Siglo X, Aún no ha sonado en Venecia el grito escandaloso «siamo veneziani; poi cristiani», ni ha cambiado el oro el color de la Perla del Adriático; todavía fondea en sus canales la góndola de la fe, cuando —un día del año 928— nace el futuro Dux en el palacio de los Ursoni. Acerca de los primeros pasos de Pedro Urséolo, la Crónica Veneciana sólo nos dice que su educación fue confiada a maestros «sapientísimos, prudentísimos y piadosísimos». Cosa que no se puede poner en duda, al verle escalar, en la flor de los años, la suprema magistratura de la República. Fino diplomático, su trayectoria política es rectilínea, bien definida: instaurar la paz al amparo de la justicia. Una diplomacia de estilo netamente evangélico, que tiene como complemento aquel principio fundamental que Cisneros concretó en una frase lapidaria: «Rezar también es gobernar». De la fortaleza de su brazo pueden hablar los piratas de Narenta; de la rectitud de su vida y actuación, todos los venecianos; de su caridad, todos los necesitados.

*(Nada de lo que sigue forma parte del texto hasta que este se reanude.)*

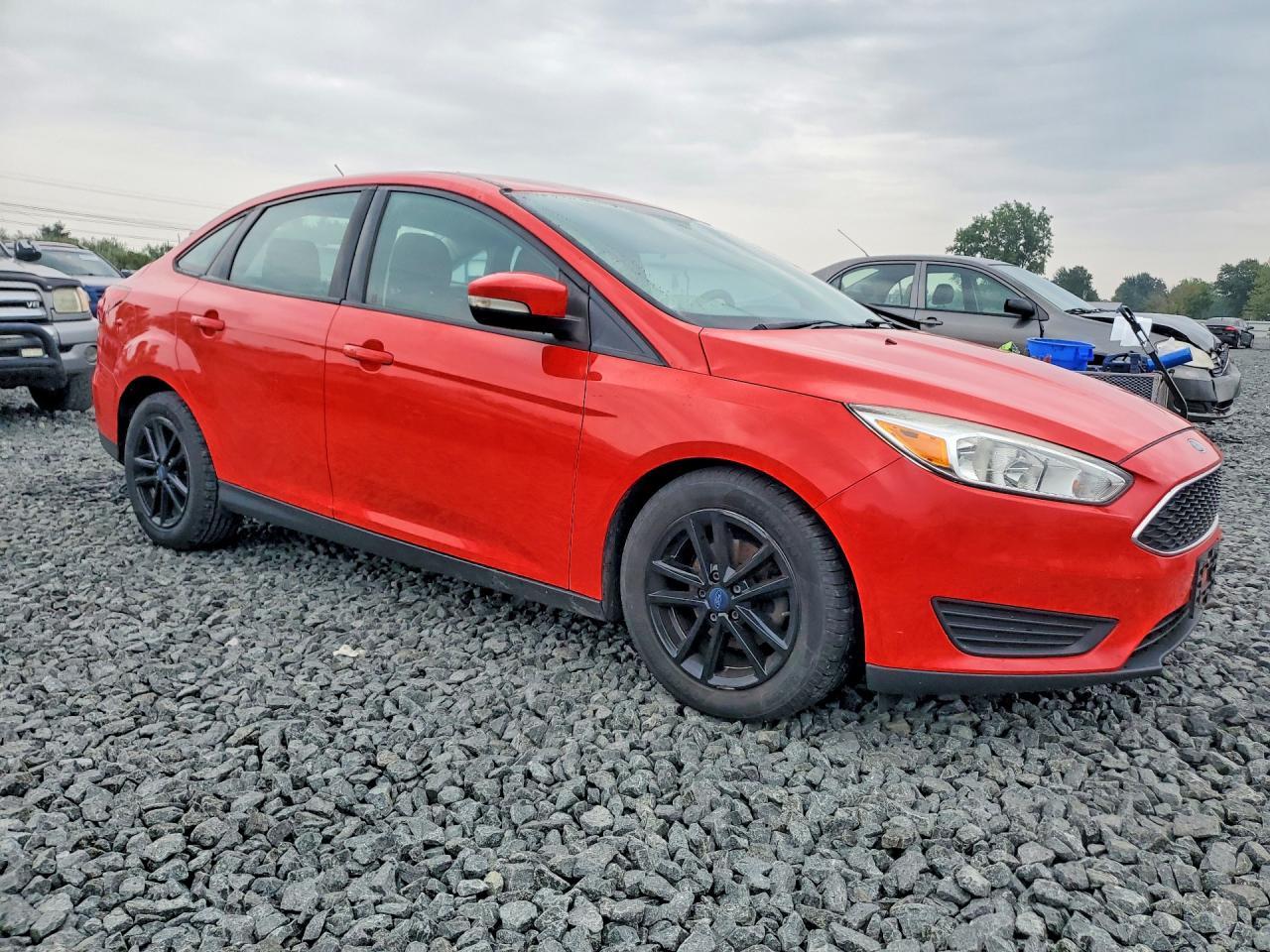 2016 Ford Focus Se - zdjęcie 4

El prestigio de la integridad y tacto político de Pedro. Urséolo traspasó las fronteras venecianas, dándose el caso de que los mismos gobernantes extranjeros iban a someter a su juicio las empresas difíciles. Claro que tampoco faltaron las imputaciones calumniosas, por parte, especialmente, de «la oposición», del partido de Candiano; y el odio y la envidia, armaron también el brazo asesino contra él, en un frustrado intentó criminal.
¡Qué poco conocían a Pedro, hombre despojado de toda ambición terrena, en cuyo espíritu latían íntimos anhelos, no sólo de alejarse para siempre de aquella política llena de trampas y desengaños, sino aun del mundo! Hacía tiempo que meditaba la manera de dar cauce feliz a sus ansias recónditas de soledad y perfección. ¡Si conocieran sus entrevistas clandestinas con los anacoretas. Marino y Romualdo!...
En septiembre del 978 el Dux se encontró providencialmente con el abad Garín, y la llamada interior se hizo irresistible. Ordenó los negocios de Estado y tomó — ¡cómo comprender hoy esto! — la inquebrantable decisión de huir secretamente a San Miguel de Cuxá. ¡Parece leyenda aquella salida nocturna, de fugitivo, en furtiva navecilla! La ingenua aventura estuvo a punto de fracasar, si no es que el Cielo gobernaba el timón.
Sólo diez años vivió el gran Dux de Venecia en el célebre monasterio, y se le considera como uno de sus más rutilantes astros. Ya empleado en trabajos manuales, ya sacristán, pero siempre humilde siervo de los siervos de Dios era —dicen sus biógrafos — «un serafín cuyo corazón, cual soplo amoroso, ascendía hasta el cielo». ¡Qué elevado misticismo! ¡Qué fogata de amor! Diríase que tenía prisa por recuperar lo que él llamaba «tiempo perdido». En todos sus actos se descubre este ideal fijo, obsesionante, actuando —luz y estímulo— su voluntad heroica. No quiso más asideros que el de una penitencia espantosa, que raya en lo inconcebible cuando el demonio le tienta, haciéndole creer que su presencia en Venecia es indispensable, o cuando Pedro ofrece al abad sus espaldas desnudas, diciéndole:
«Azotadme, Padre mío, pues no he sabido resistir al enemigo», o cuando se retira- solo a una cueva y recibe allí, con el corazón hecho jirones, la visita de su hijo único...
Pero la naturaleza no es de hierro. Fue preciso reintegrarlo, exhausto, a su celda monacal, en la que expiró dulcemente —en el mediodía exacto y maduro de su existencia— el 10 de enero de 987, repitiendo las palabras de Cristo agonizante: In manus tuas, Dómine, commendo spíritum meum.